Directions for this task »
In the records below, the lines between the one holding "Mountain Dew Camp" and the one holding "Azur Lane Smile", inclusive, are to be transcribed exactly; no pictures are to be included.

Exercise data »
++++++++++++++++++++

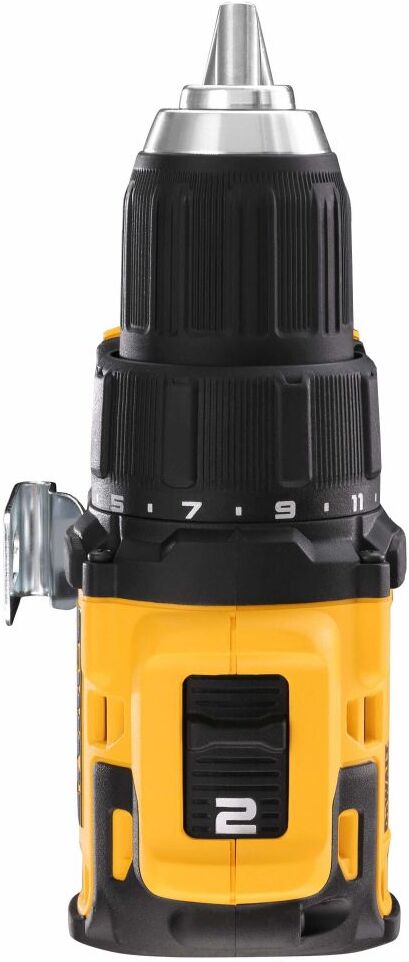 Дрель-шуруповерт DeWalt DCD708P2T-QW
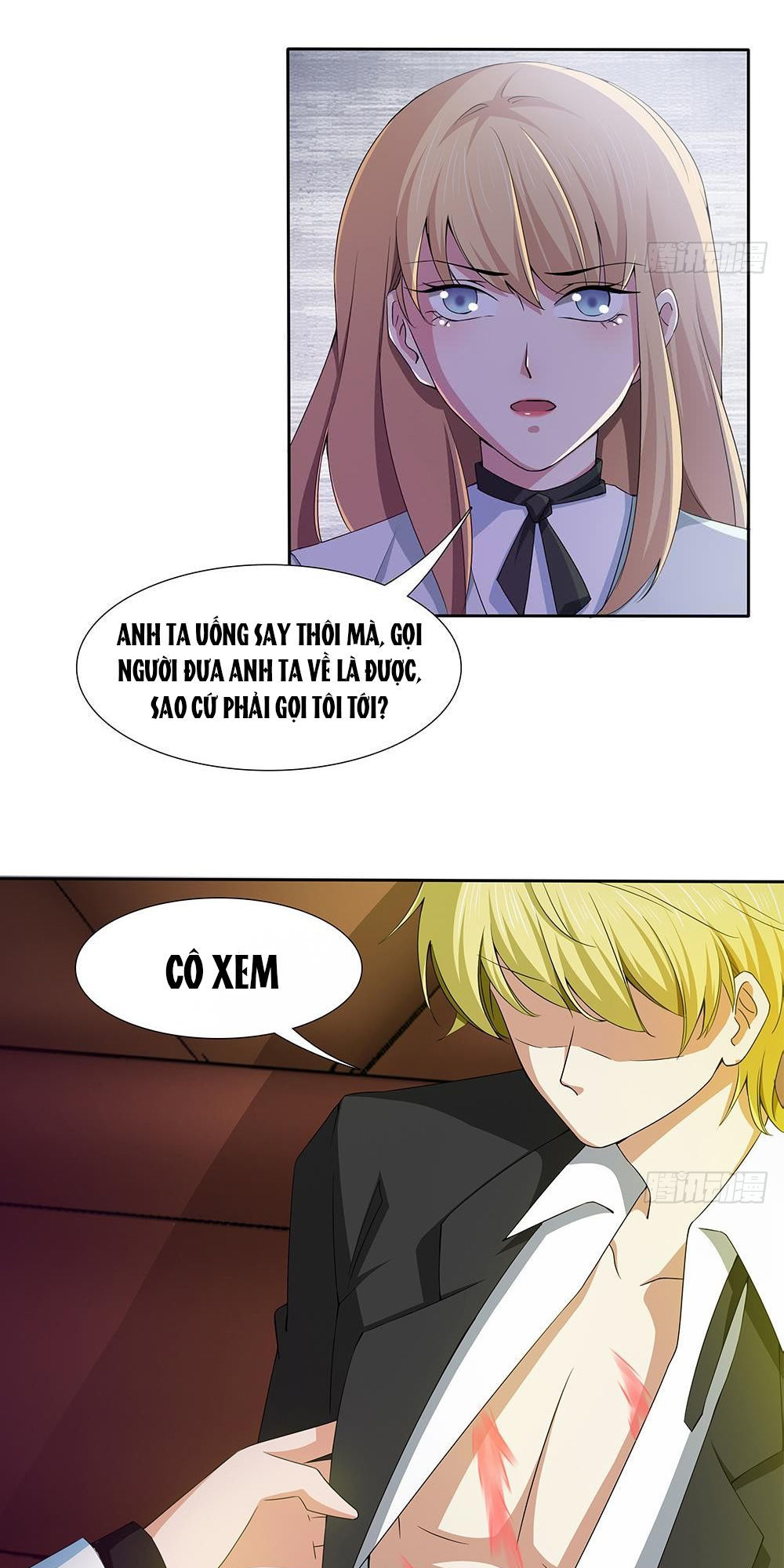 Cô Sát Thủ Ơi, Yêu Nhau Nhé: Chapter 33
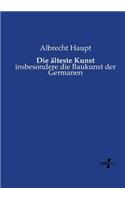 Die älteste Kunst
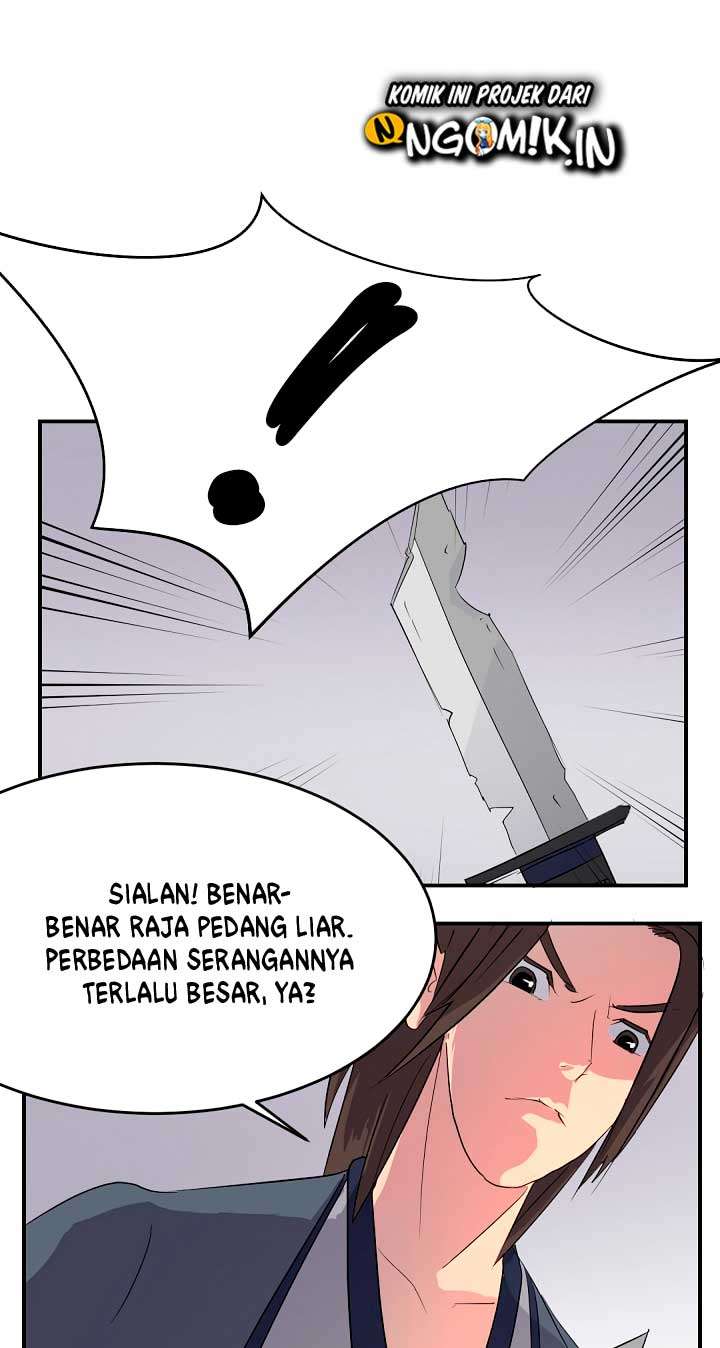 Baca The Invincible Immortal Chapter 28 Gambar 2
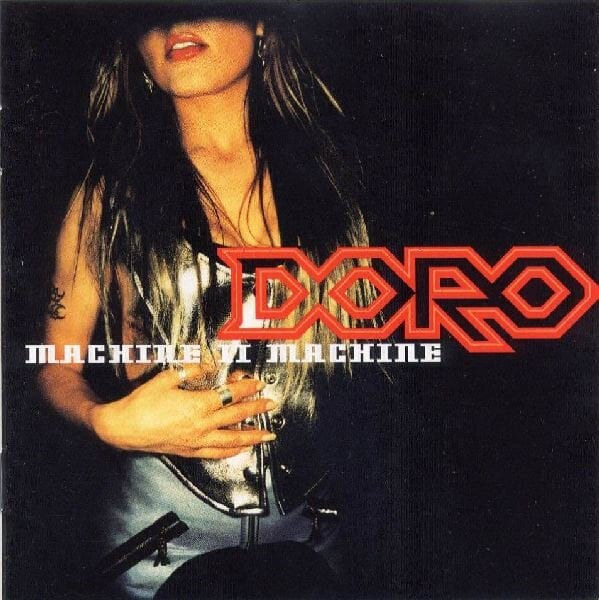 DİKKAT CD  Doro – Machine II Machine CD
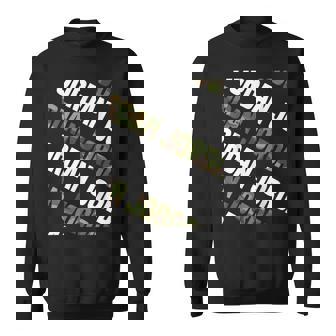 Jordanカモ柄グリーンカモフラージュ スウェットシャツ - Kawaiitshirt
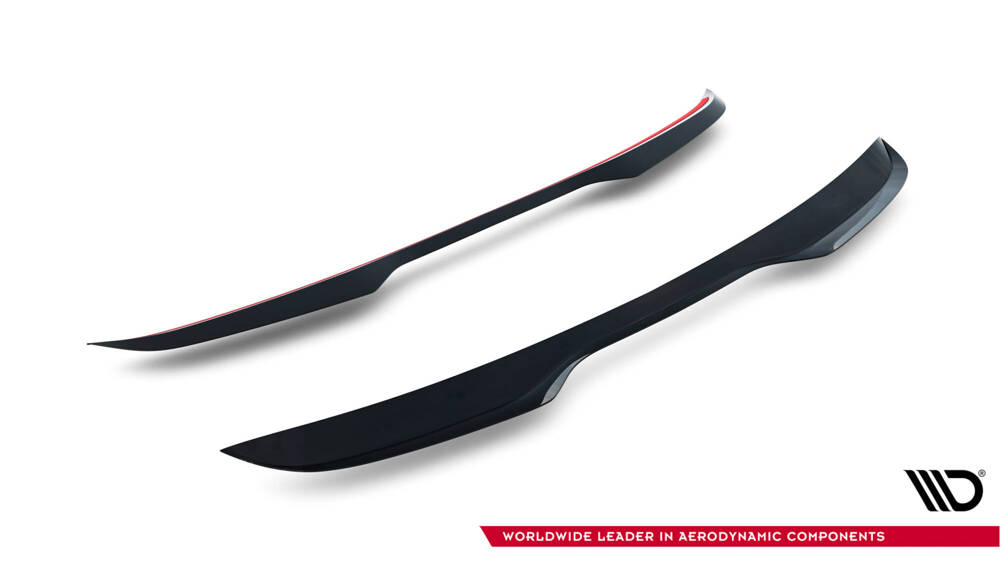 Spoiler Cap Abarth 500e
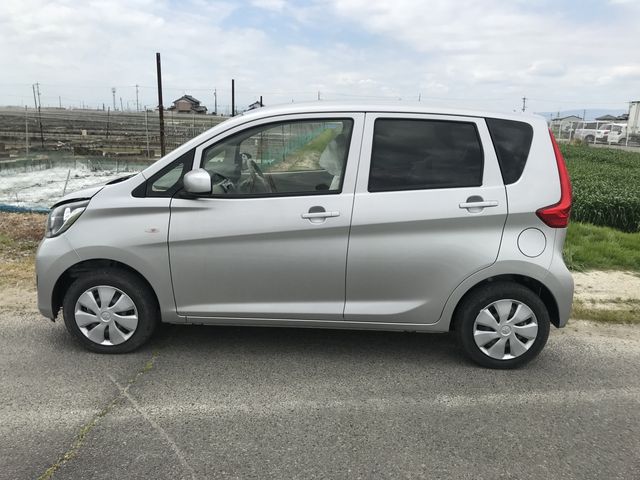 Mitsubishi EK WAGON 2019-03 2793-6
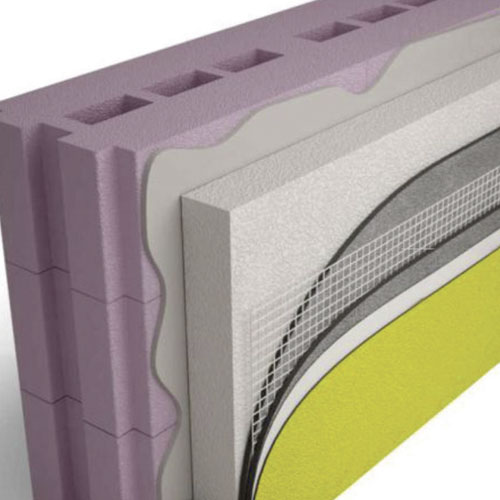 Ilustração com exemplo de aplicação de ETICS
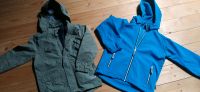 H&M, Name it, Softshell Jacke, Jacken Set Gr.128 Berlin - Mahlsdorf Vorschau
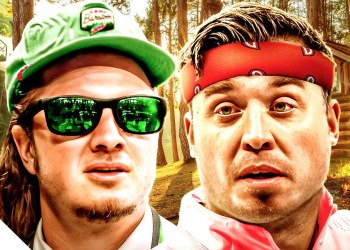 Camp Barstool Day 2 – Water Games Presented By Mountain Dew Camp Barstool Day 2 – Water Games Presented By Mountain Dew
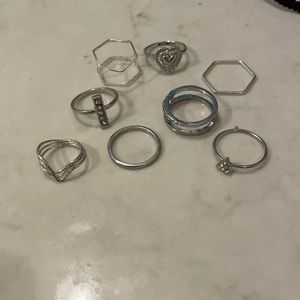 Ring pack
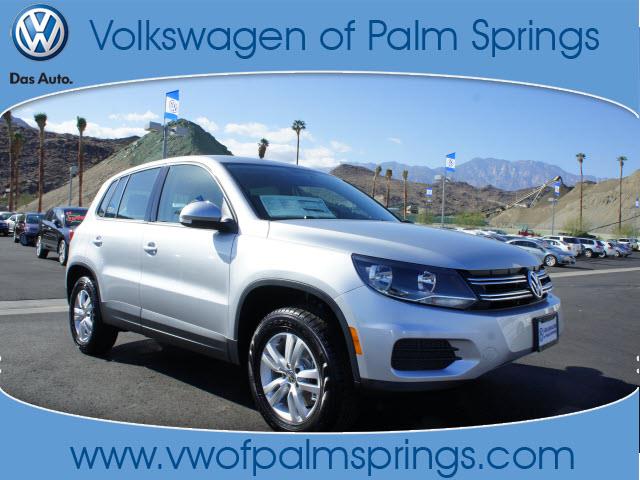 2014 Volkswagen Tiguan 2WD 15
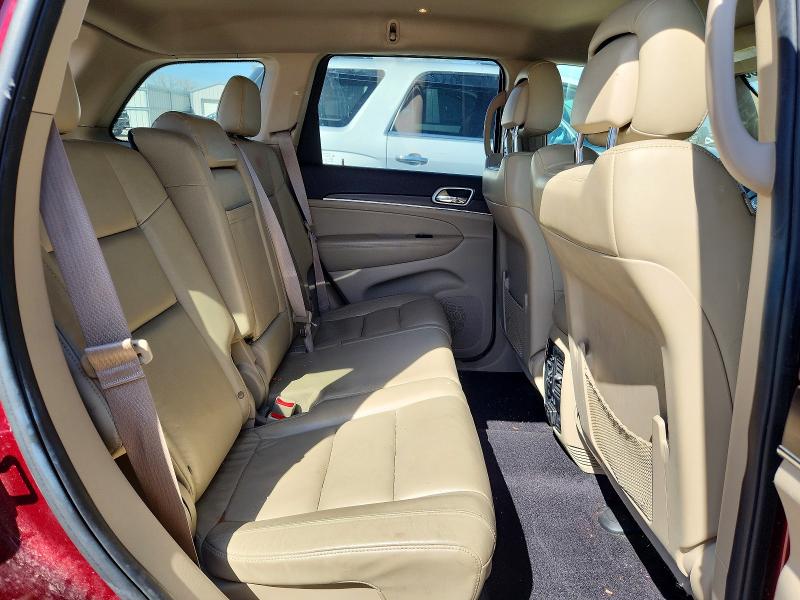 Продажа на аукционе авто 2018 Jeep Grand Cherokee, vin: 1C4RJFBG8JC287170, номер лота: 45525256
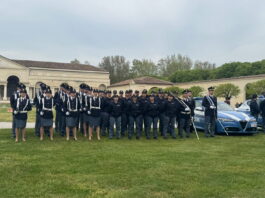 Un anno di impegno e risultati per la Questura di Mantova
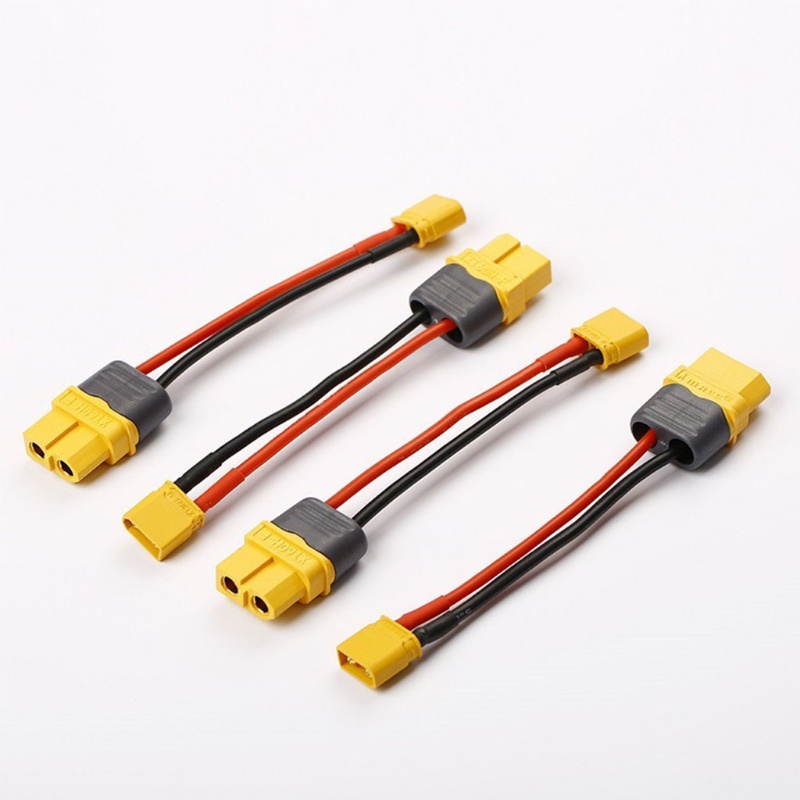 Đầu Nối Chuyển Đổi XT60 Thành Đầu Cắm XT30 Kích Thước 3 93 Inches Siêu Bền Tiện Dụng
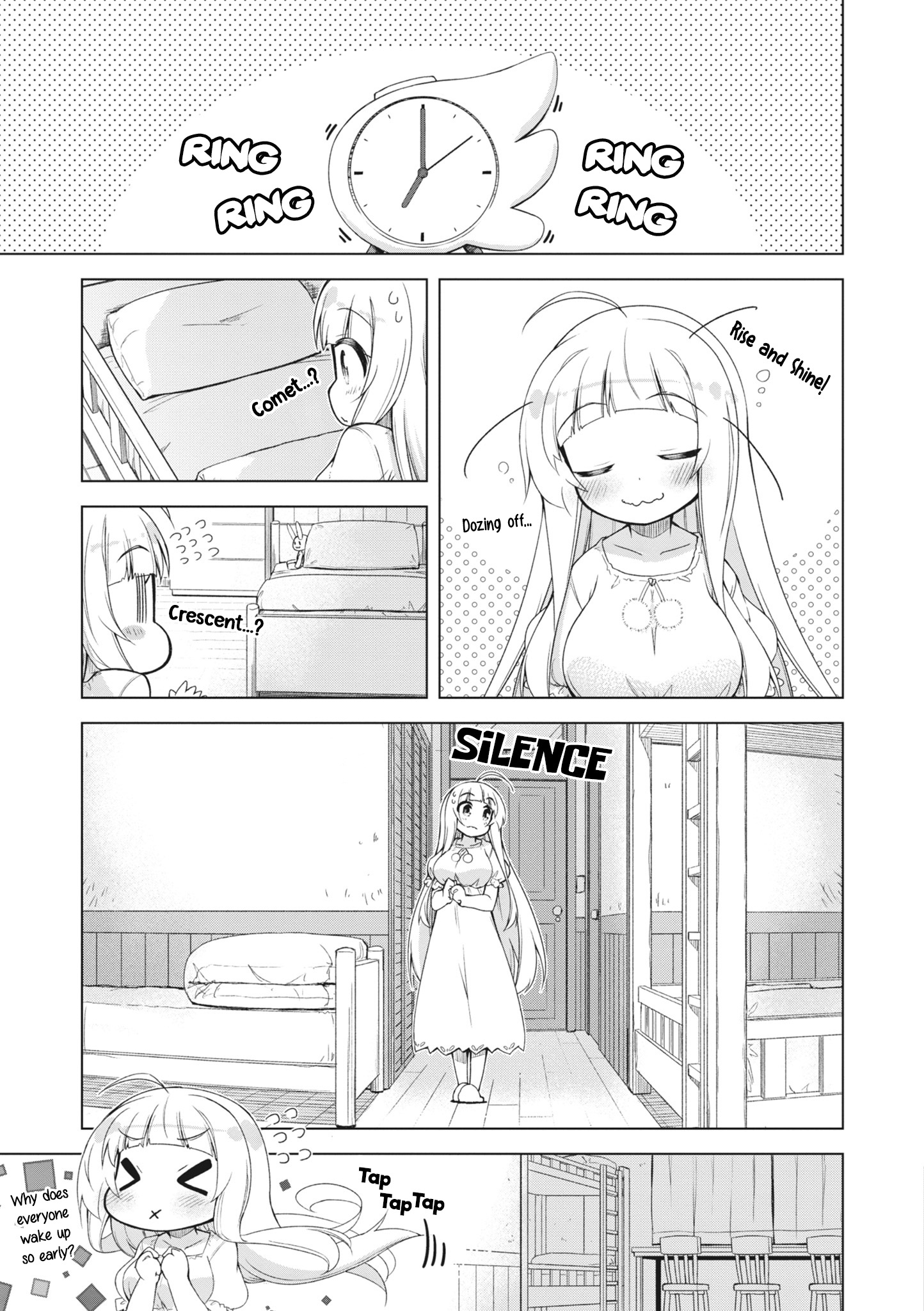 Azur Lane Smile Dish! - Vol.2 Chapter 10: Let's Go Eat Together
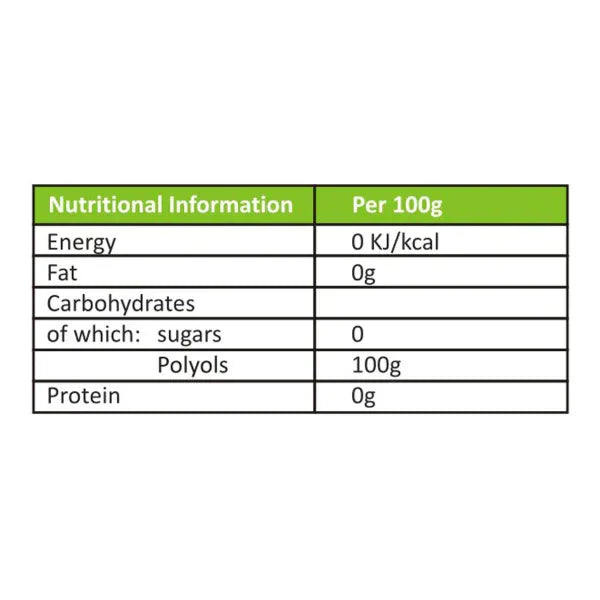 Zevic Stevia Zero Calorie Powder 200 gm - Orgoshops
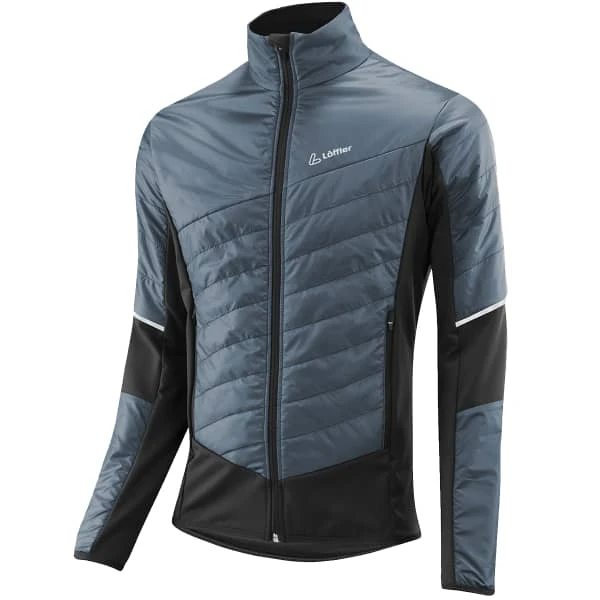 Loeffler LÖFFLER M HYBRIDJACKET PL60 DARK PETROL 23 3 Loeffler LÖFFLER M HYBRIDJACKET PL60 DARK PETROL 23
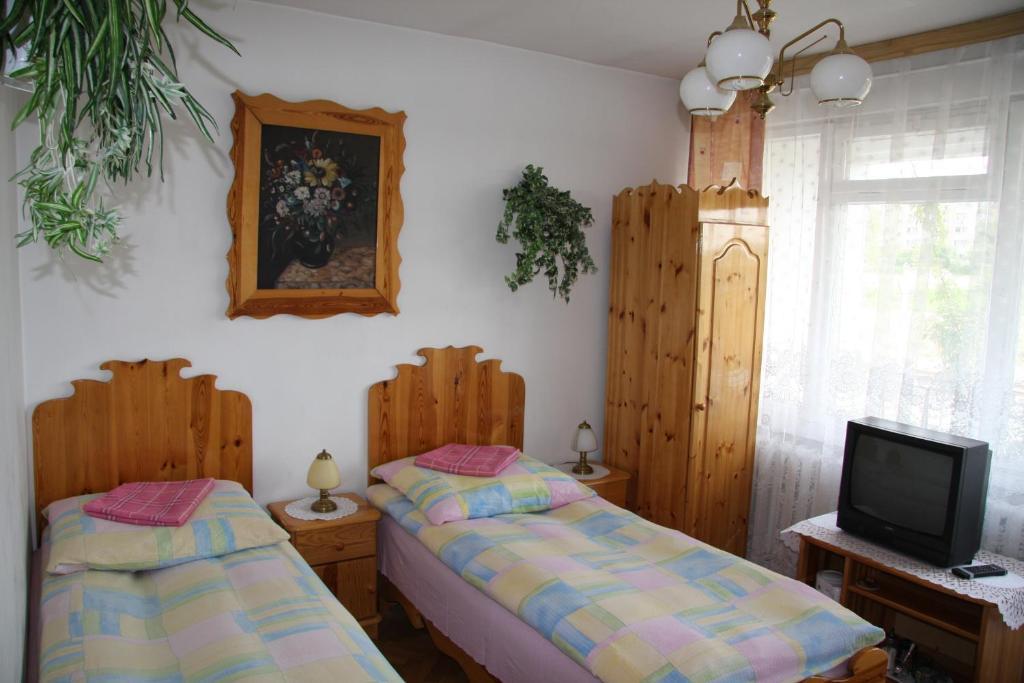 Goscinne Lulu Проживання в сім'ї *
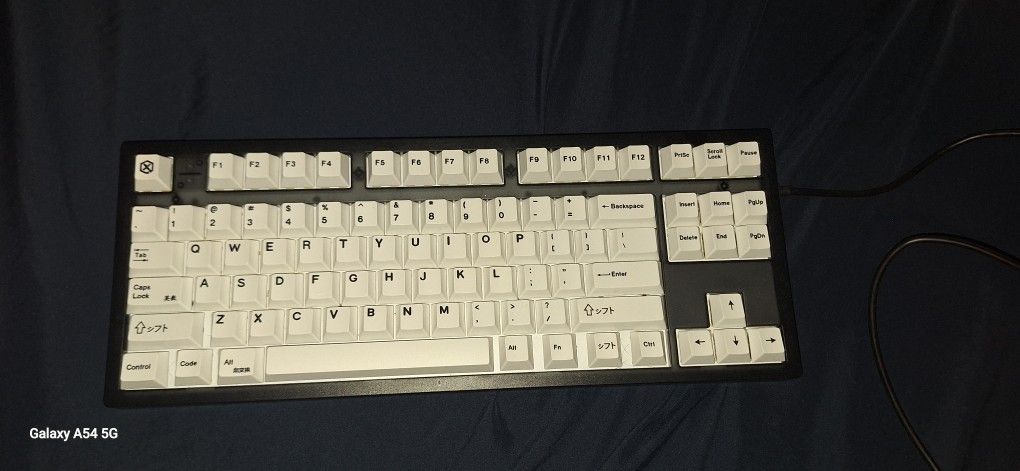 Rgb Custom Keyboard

++++++++++++++++++++

Reply »
 Camp Barstool Day 2 – Water Games Presented By Mountain Dew Camp Barstool Day 2 – Water Games Presented By Mountain Dew
 Ring pack
 2014 Volkswagen Tiguan 2WD 15
 Продажа на аукционе авто 2018 Jeep Grand Cherokee, vin: 1C4RJFBG8JC287170, номер лота: 45525256
 Un anno di impegno e risultati per la Questura di Mantova
 Đầu Nối Chuyển Đổi XT60 Thành Đầu Cắm XT30 Kích Thước 3 93 Inches Siêu Bền Tiện Dụng
 Azur Lane Smile Dish! - Vol.2 Chapter 10: Let's Go Eat Together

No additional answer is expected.